5.1 Respostas às perguntas da pesquisa
Este trabalho analisou quatro livros didáticos de Língua Portuguesa de Ensino Médio
indicados pelo PNLEM de 2005 e de 2009. Portanto esses livros, possivelmente, estão
presentes nas salas de aulas brasileiras e, assim, permanecerão durante os anos de 2009, 2010 e
2011, período de duração do PNLEM/2009. Tais obras foram selecionadas por serem as únicas a
dedicarem-se ao ensino dos gêneros notícia e/ ou reportagem, objetos de análise desse trabalho.

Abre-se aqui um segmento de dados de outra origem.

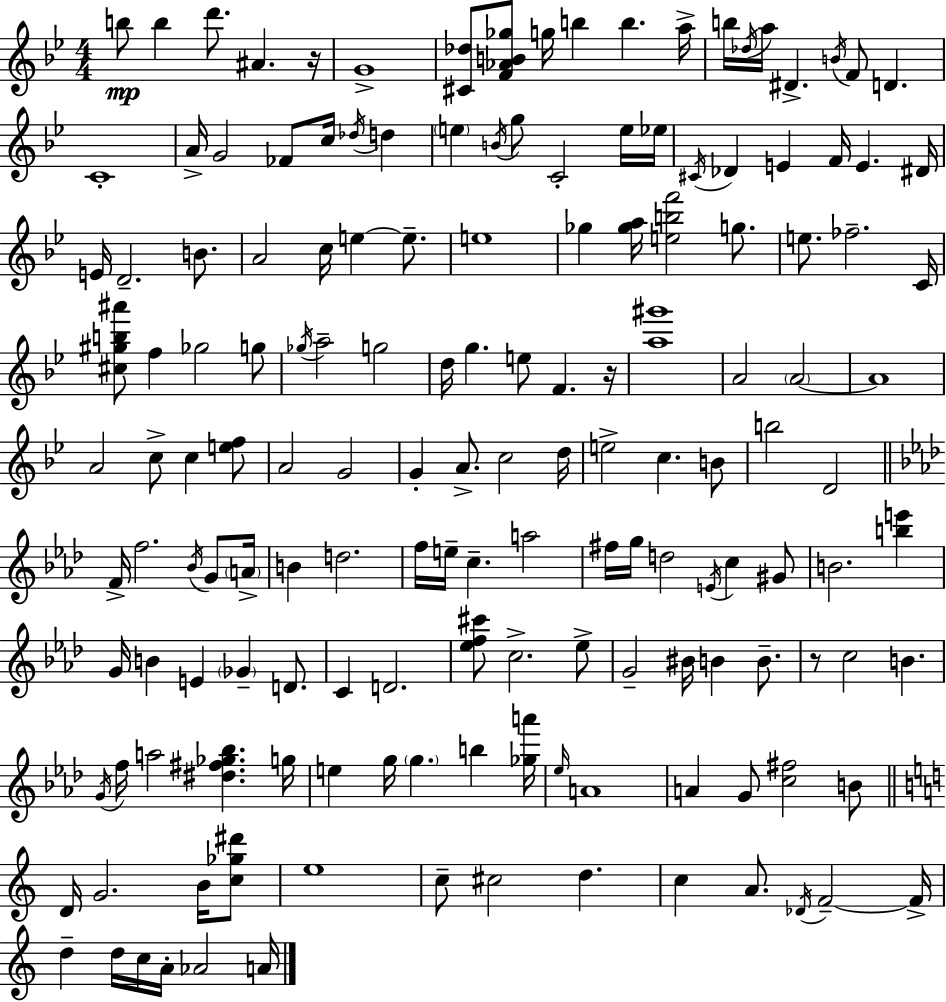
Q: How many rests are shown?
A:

Ao analisarmos como se organizam os livros de Ensino Médio atuais, como forma de
contextualizar os capítulos a quais analisaríamos a fundo, constatamos que nessas obras o ensino
é estruturado de modo fragmentado, isto é, os capítulos dividem-se em três eixos principais: o
trabalho com a literatura, com elementos lingüísticos e com textos, seja enfatizando a leitura e/ou
a produção. Embora as teorias de ensino de língua materna, que fundamentam os PCN, sejam
voltadas a um ensino articulado entre literatura, reflexão lingüística, leitura e produção, isso ainda
não ocorre nesses livros didáticos atuais.
Quanto à estruturação interna dos capítulos, observamos que é organizada de modo
tradicional: texto, atividades de estudo e de produção de texto e ensino de tópicos gramaticais.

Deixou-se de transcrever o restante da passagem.